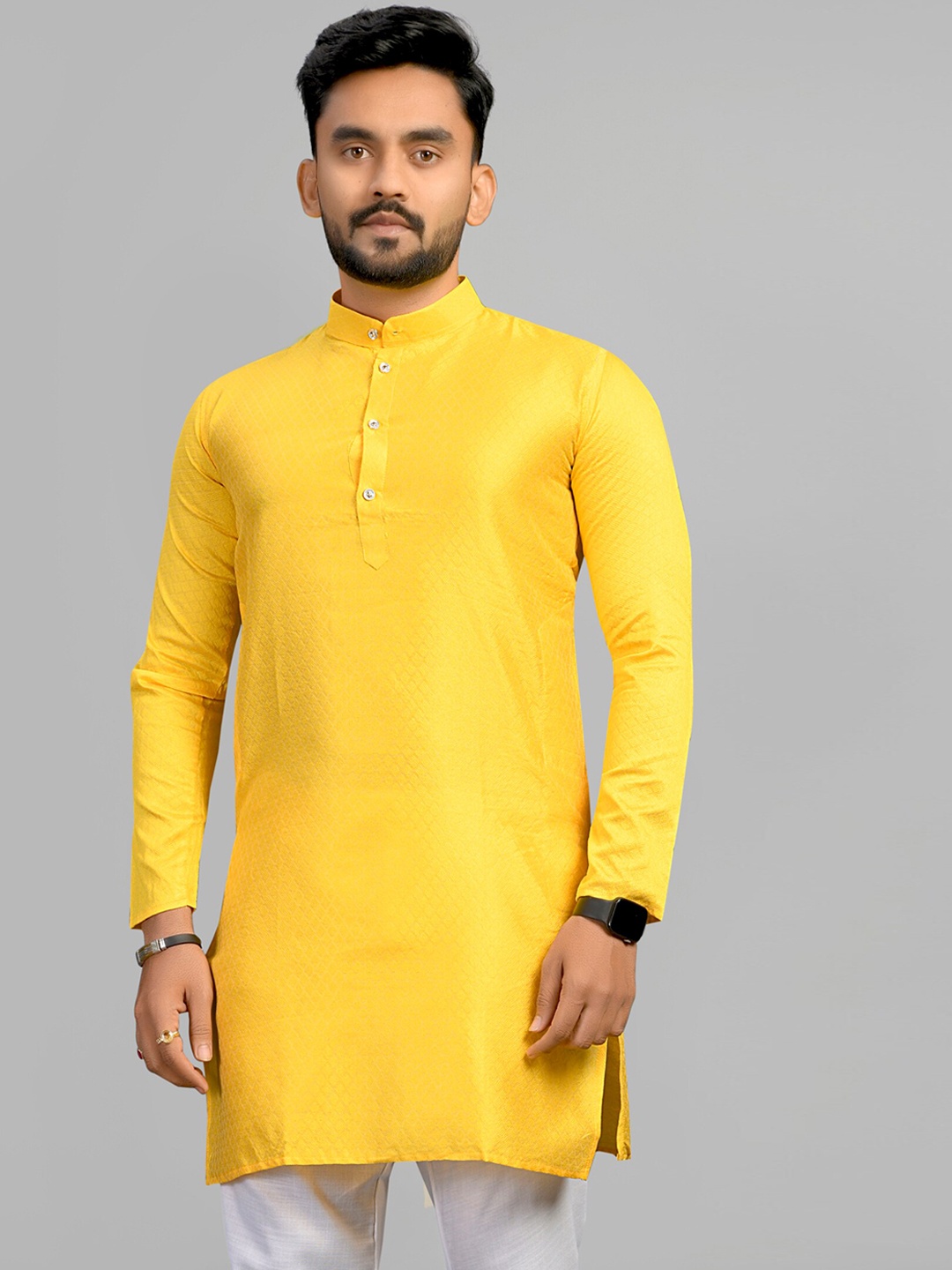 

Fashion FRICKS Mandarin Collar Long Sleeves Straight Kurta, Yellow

* * *

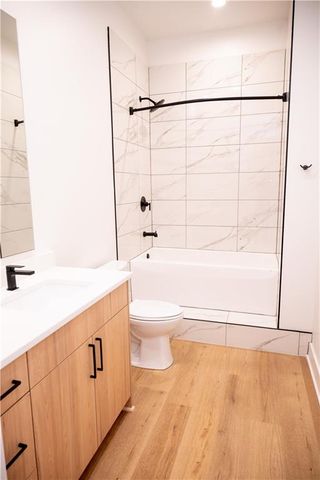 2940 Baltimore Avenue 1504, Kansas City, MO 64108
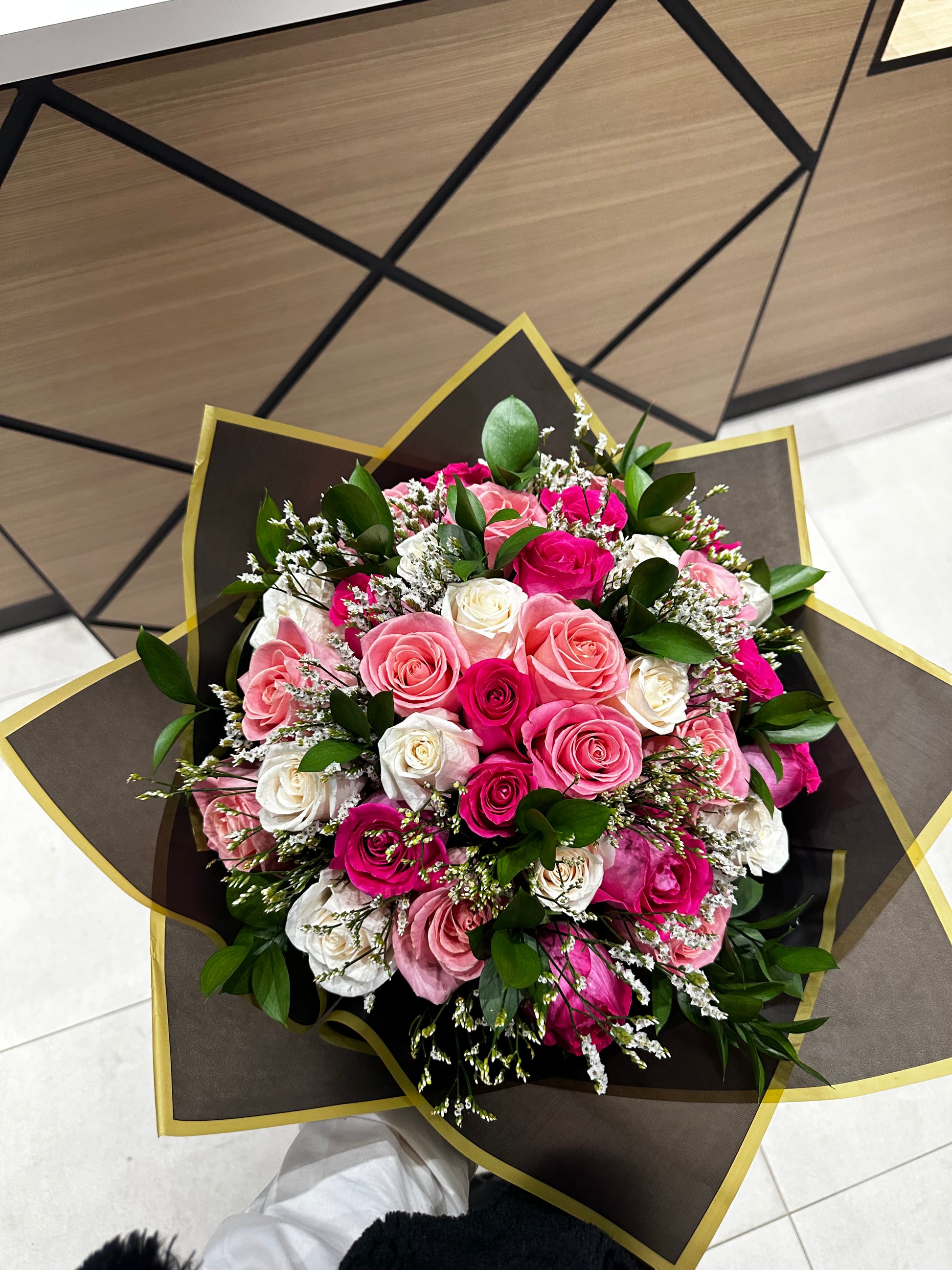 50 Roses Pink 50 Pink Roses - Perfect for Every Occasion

...

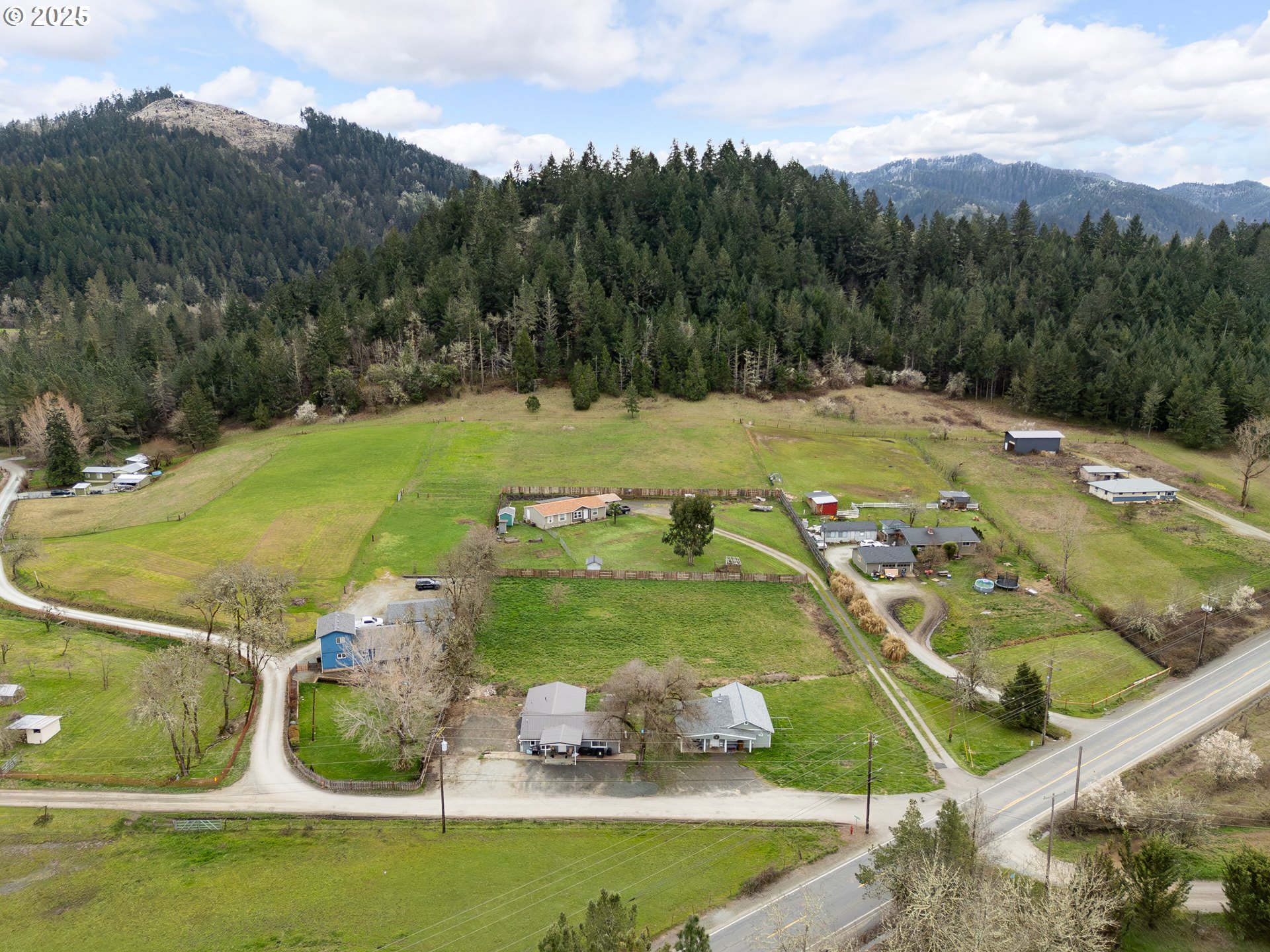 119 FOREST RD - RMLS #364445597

• [Problem requirements] Above are the records; return the lines in them from the one with "2940 Baltimore Avenue" to the one with "50 Roses Pink", inclusive, exactly and without images.

• [Answer space]
 2940 Baltimore Avenue 1504, Kansas City, MO 64108
 50 Roses Pink 50 Pink Roses - Perfect for Every Occasion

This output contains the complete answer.